1. Traçage, réflexion et épure
La première étape a été la conception : prise de mesures, définition des proportions, puis traçage du plan sur AutoCAD et réalisation de l’épure.
J’ai ensuite échangé avec mon professeur pour valider les choix techniques (notamment les assemblages) et ajuster certains détails avant de lancer la fabrication.

2. Réalisation des pieds et du caisson
J’ai commencé la fabrication par les pieds et le caisson, qui constituent la base structurelle de la table. Le projet était initialement prévu en bois massif, avec un plan conçu dans ce sens.
En cours de réalisation, j’ai dû m’adapter : le caisson a finalement été réalisé en mélaminé. Ce changement de matériau en plein projet a été un vrai défi, car il a fallu revoir plusieurs choix d’assemblage et de finition.
Les pieds restent en massif. Assez épais, ils nécessitaient un collage au préalable. Ils ont ensuite été usinés à la toupie afin de créer la rainure pour les côtés du caisson, puis à la scie à format pour leur esthétique en “coin”.



3. Collage et assemblage du caisson avec les pieds
Une fois les éléments préparés, j’ai procédé au collage et à l’assemblage progressif du caisson et des pieds. Cette phase demandait de la précision au serrage et au contrôle des équerrages pour garantir la stabilité de l’ensemble.
Nous avons constaté quelques imperfections, notamment sur les côtés du caisson, mais rien de bien compliqué à rattraper.


4. Réalisation du plateau vitré
Le plateau a été une étape importante du projet, avec une contrainte majeure : la vitre récupérée était du double vitrage.
Le plateau a donc été réalisé avec un collage pour augmenter l’épaisseur et pouvoir contenir la vitre. L’objectif initial était d’obtenir une vitre affleurante, mais ce n’était finalement pas possible à cause d’une erreur de mesure.
Je me suis retrouvé avec un plateau pas assez épais.
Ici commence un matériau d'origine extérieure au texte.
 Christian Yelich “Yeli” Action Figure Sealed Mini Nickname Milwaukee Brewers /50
J’ai donc dû séparer le double vitrage, puis adapter la conception avec l’ajout de parcloses pour intégrer correctement le verre.




5. Finitions
Pour finaliser l’esthétique, j’ai ajouté des alèses latérales et frontales afin de masquer les imperfections du caisson.
Les moulures ont été réalisées à la défonceuse, puis l’ensemble a été soigneusement poncé pour préparer la mise en finition.
Des tourillons ont été fixés sur les pieds afin de pouvoir enlever le plateau facilement ; de ce fait, le transport du meuble est plus aisé.
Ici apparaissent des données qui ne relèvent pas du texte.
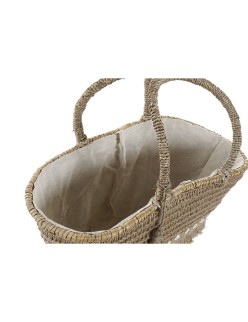 Sac de plage DKD Home Decor 53 x 15 x 51,5 cm Naturel Herbier marin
6. Huilage, vernissage et résultat final
J’ai appliqué une huile pour assombrir et révéler le veinage du bois, puis une couche de vernis après séchage complet. Cette combinaison apporte à la fois profondeur visuelle et protection.




Retour d’expérience
Ce projet a été une étape formatrice dans ma reconversion en CAP Menuisier Fabricant.
Il m’a surtout appris à composer avec les réalités de l’atelier : changement de matériaux en cours de route, contraintes techniques non prévues et nécessité d’adapter la méthode sans perdre l’objectif final.
Au-delà du résultat, c’est la capacité d’adaptation qui a été le vrai apprentissage sur cette table basse.
Si c’était à refaire
Si c’était à refaire, j’organiserais le projet différemment :
- je réaliserais d’abord le caisson, indépendamment des pieds ;
- je fixerais ensuite les pieds une fois le caisson validé ;
- je reprendrais les mesures de la vitre de façon plus rigoureuse avant la réalisation du plateau.
Cette approche me permettrait de mieux sécuriser les étapes, de limiter les ajustements en cours de fabrication et de gagner en précision sur l’intégration finale du vitrage.